Records supplied:
■ ■ ■ ■ ■

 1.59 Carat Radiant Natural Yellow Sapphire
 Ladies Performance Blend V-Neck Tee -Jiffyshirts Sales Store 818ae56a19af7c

■ ■ ■ ■ ■

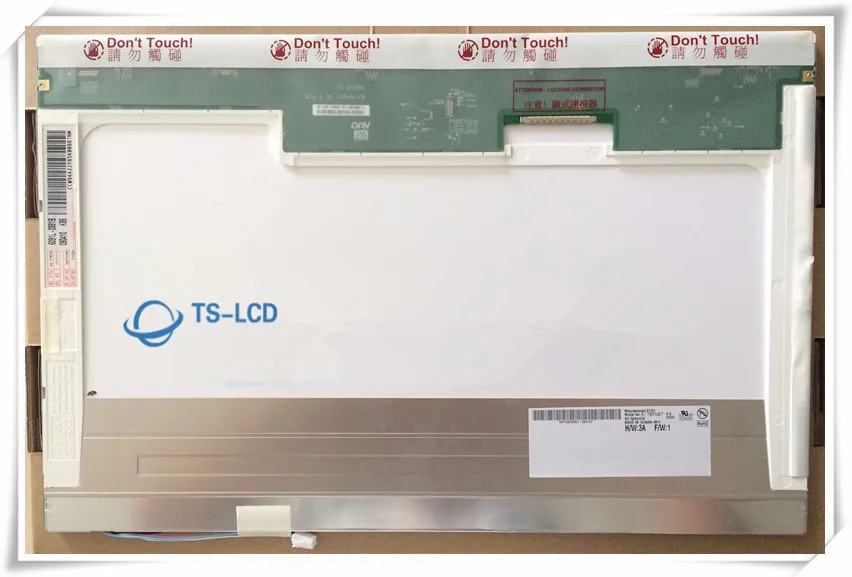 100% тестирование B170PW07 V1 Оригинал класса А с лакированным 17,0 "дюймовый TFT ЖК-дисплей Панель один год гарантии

■ ■ ■ ■ ■

Exercise prompt: Starting at the line that contains "1.59 Carat Radiant Natural Yellow Sapphire" and stopping after the line that contains "Ladies Performance Blend", write out every line exactly as it appears above, and no other line.

Solution:
 1.59 Carat Radiant Natural Yellow Sapphire
 Ladies Performance Blend V-Neck Tee -Jiffyshirts Sales Store 818ae56a19af7c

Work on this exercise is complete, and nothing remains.